I'm still struggling to find a method that improves contact rates in the refusal conversion process for the experiment with call scheduling. As a reminder, the experimental method improves contact rates for calls prior to a refusal, but then contact rates for calls after a first refusal have lower contact rates than calls to those cases in the control group. Ouch.
I already tried calling households at times other than the time at which the first refusal was taken. The hypothesis was that people were screening us out and that calling at a different time might lead to someone else in the household picking up the phone. But that didn't work.
In looking at the data, searching for a reason that this is happening, I noticed that the control group seemed to be "exploring" better than the experimental group. The figures below demonstrate this. The upper figure shows calls prior to a refusal. It shows the average number of windows that have been called by call number for calls prior to a refusal. The green line is the experimental method. It looks like it moves ahead of the control group early on (where most of the calls are).

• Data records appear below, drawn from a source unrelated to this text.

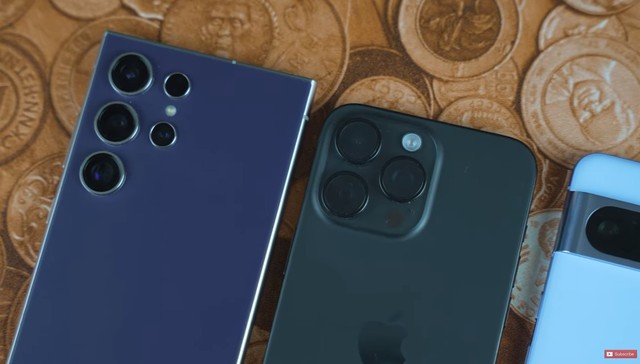 "Đọ" pin Galaxy S24 Ultra và iPhone 15 Pro Max: Cái kết bất ngờ!- Ảnh 1. "Đọ" pin Galaxy S24 Ultra và iPhone 15 Pro Max: Cái kết bất ngờ!- Ảnh 1.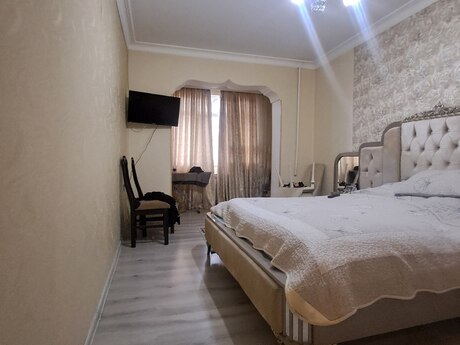 Yeni Yasamalda 5 otaqlı köhnə tikili mənzil satılır, 110 m², 252 000 AZN, şəkil 3 / 12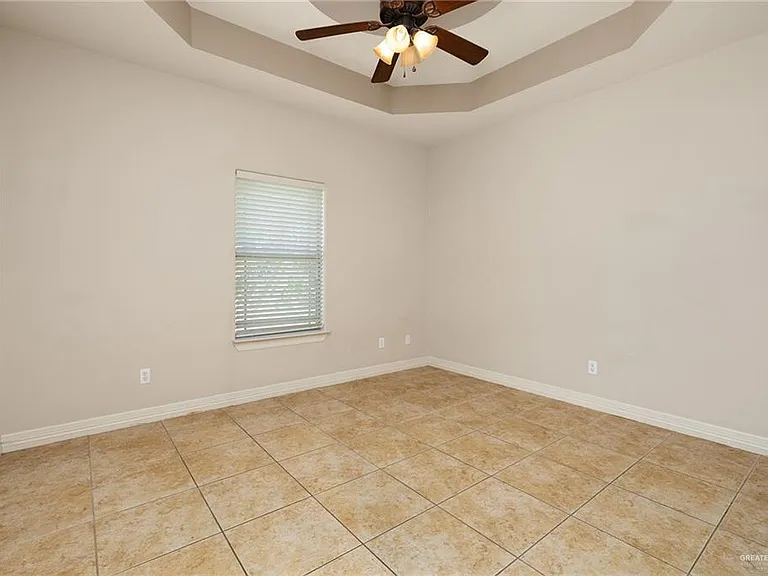 2612 Serrano St — Photo 18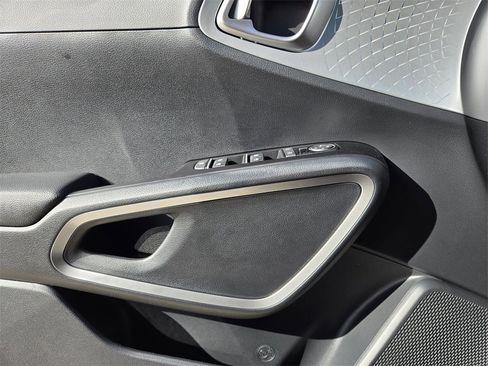 New 2025 Kia Soul LX image 16
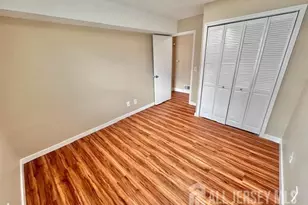 211 Sunshine Ct, Sayreville, NJ 08859 - Photo 13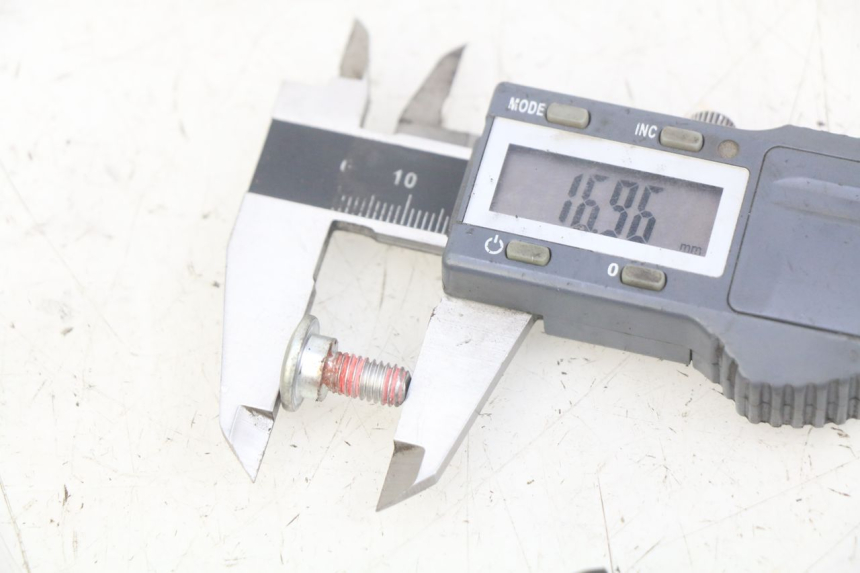 photo de BRAKE DISC BOLT KAWASAKI KX 85 (2001 - 2013) - Zoom on usage condition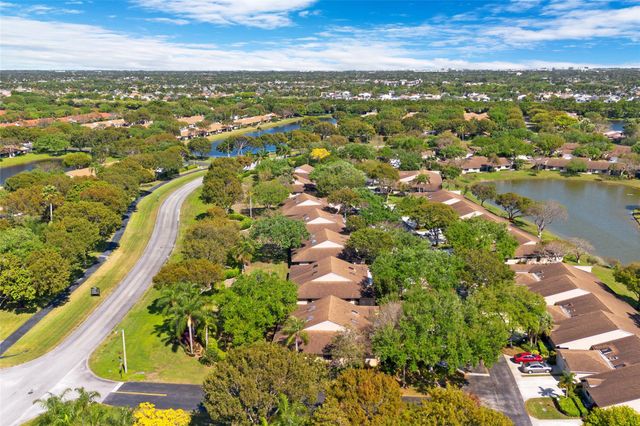 8315 Springlake Dr 8315, Boca Raton, FL 33496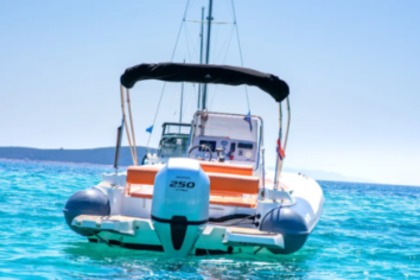 Charter RIB Marlin 790 Dynamic Trogir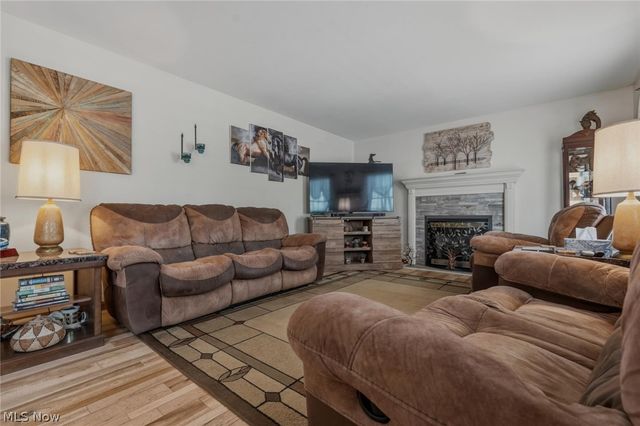 40 Whitetail Drive, Parkersburg, WV 26104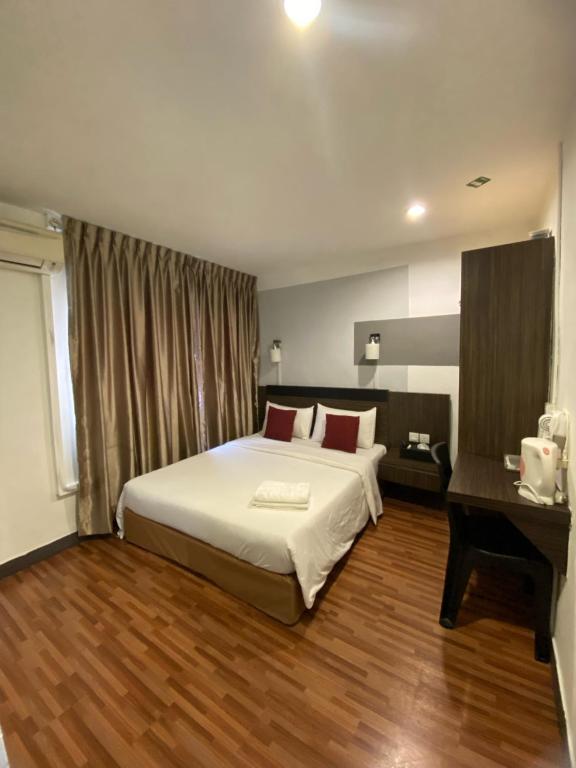 Postel nebo postele na pokoji v ubytování V Hotel Johor Bahru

A central problem in reinforcement learning is the tension between exploration and exploitation. Exploration strategies try more of the available actions to learn what the reward might be for actions which have been little tried. Exploitation strategies pick the strategy that has the greatest reward among those actions for which the reward is known. It might be that in the process of refusal conversions, we don't really know very much (i.e. the model predictions are very imprecise) and we should explore more of the available actions. I've made a change to the algorithm to see if it can increase exploration in the experimental method.